The UAW Retiree Medical Benefits Trust recently won a battle with Gilead and Vertex to have those companies include on their proxy statements proposals to require them to explain to shareholders the risks of their drug pricing decisions.
Basically, both Gilead and Vertex have come under fire recently for charging extremely high prices for new drugs. There’s an argument, of course, that this is simply a bad business decision – if your customers can’t afford your drugs, they won’t buy them. And that’s the official basis for the Trust’s proposal. The Trust describes, for example, how Sanofi was once forced to dramatically cut drug prices because the initial prices were set unrealistically high.
But I find it very hard to believe that the UAW Retiree Medical Benefits Trust is genuinely concerned about drug pricing in its capacity as a shareholder seeking maximum returns. Instead, it seems far more likely that the Trust’s concern is, you know, drug prices. That it has to pay. For its beneficiaries. And it’s using its status as shareholder of several pharmaceutical companies to try to influence policy in that regard.
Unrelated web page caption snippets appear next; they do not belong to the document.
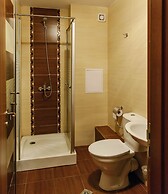 Predela 2 Holiday Apartments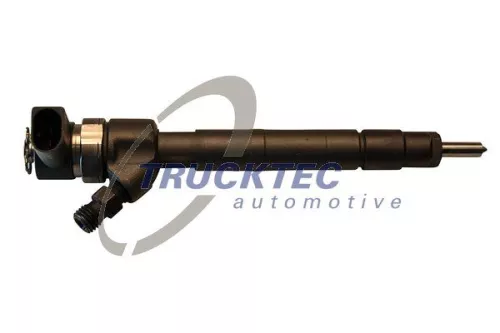 Injector Nozzle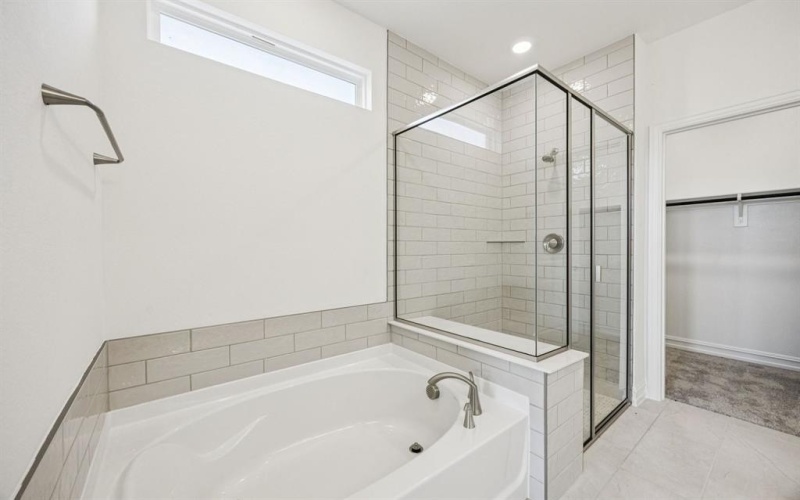 1248 Nicklaus Avenue, Celina, TX 75009, 2 Bedrooms Bedrooms, ,2 BathroomsBathrooms,Residential,For Sale,1248 Nicklaus Avenue,20914433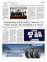 Suplemento 12-07-2025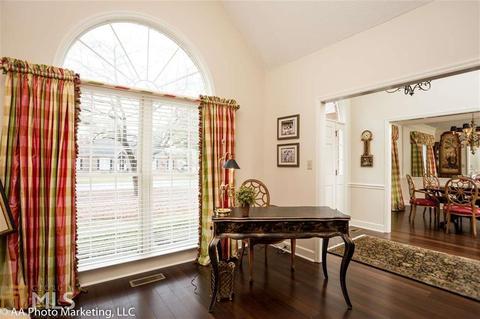 102 Cedar Ridge Dr, Perry, GA 31069 photo 6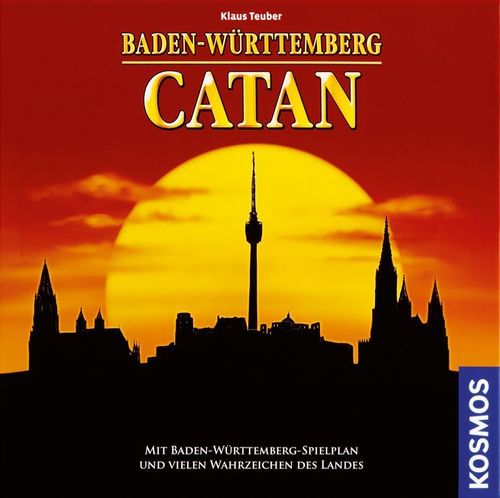 Baden-Württemberg Catan thumbnail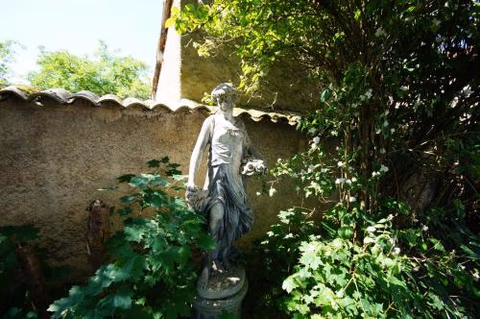 Le Clos Domremy — foto 9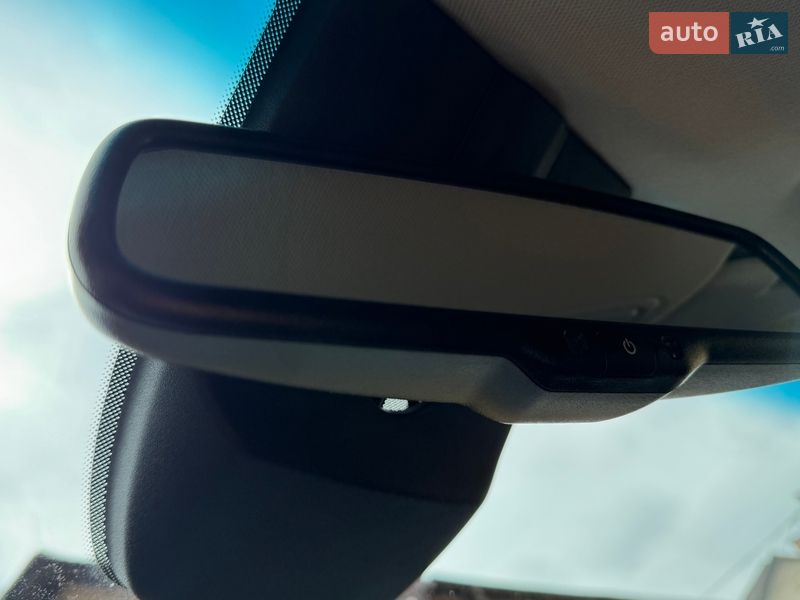 Позашляховик / Кросовер Kia Niro 2021 в Львові фото 92 Позашляховик / Кросовер Kia Niro 2021 в Львові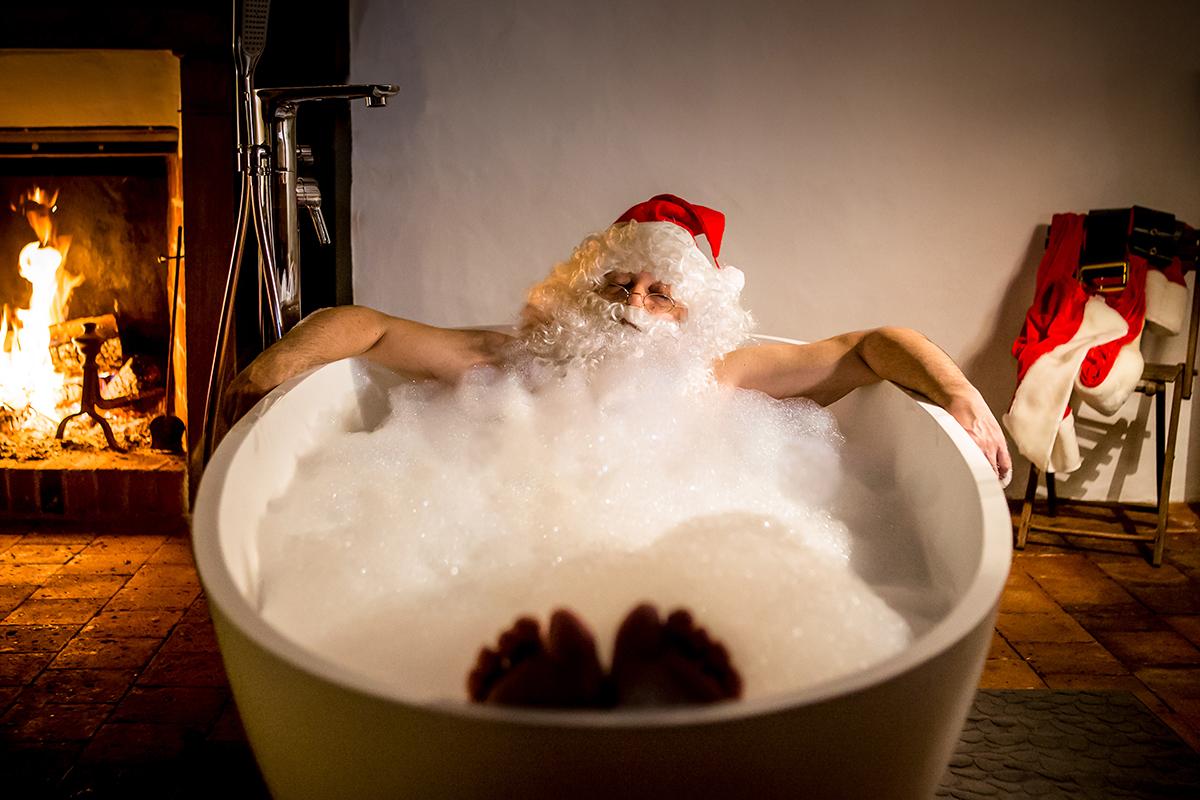 LEVILLAIN_EXPONOEL_018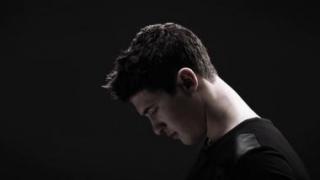 Watch Timeflies - Monsters (Explicit) ft. Katie Sky - Hollywood Video Video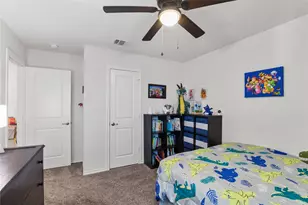 8008 Gallup Ave, Aubrey, TX 76227 - Photo 21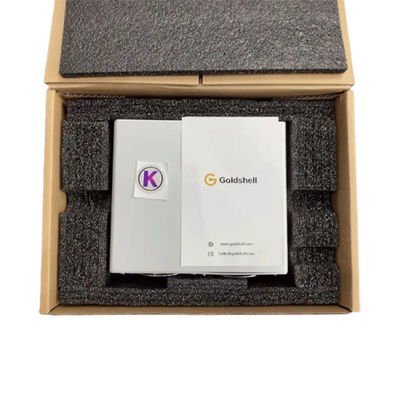 1050GH/S CKB Asic Miner، 215W Eaglesong Goldshell Ck Box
The fact that the SEC is allowing the proposal to be included on the companies’ proxies suggests that the SEC is not terribly concerned about that possibility (unlike Delaware, which does not want shareholders to pursue their own idiosyncratic agendas).
It reminds me of the AFL-CIO’s earlier objection to Wall Street banks’ practice of paying deferred compensation to executives to leave to go to government. From a wealth max perspective, you’d think this would be an awesome thing for shareholders – which means the AFL-CIO’s objections were not really rooted in concern about the banks’ financial performance, but in its broader political concerns about the practice. But the SEC didn’t have a problem with that – it refused to allow Goldman to exclude the proposal.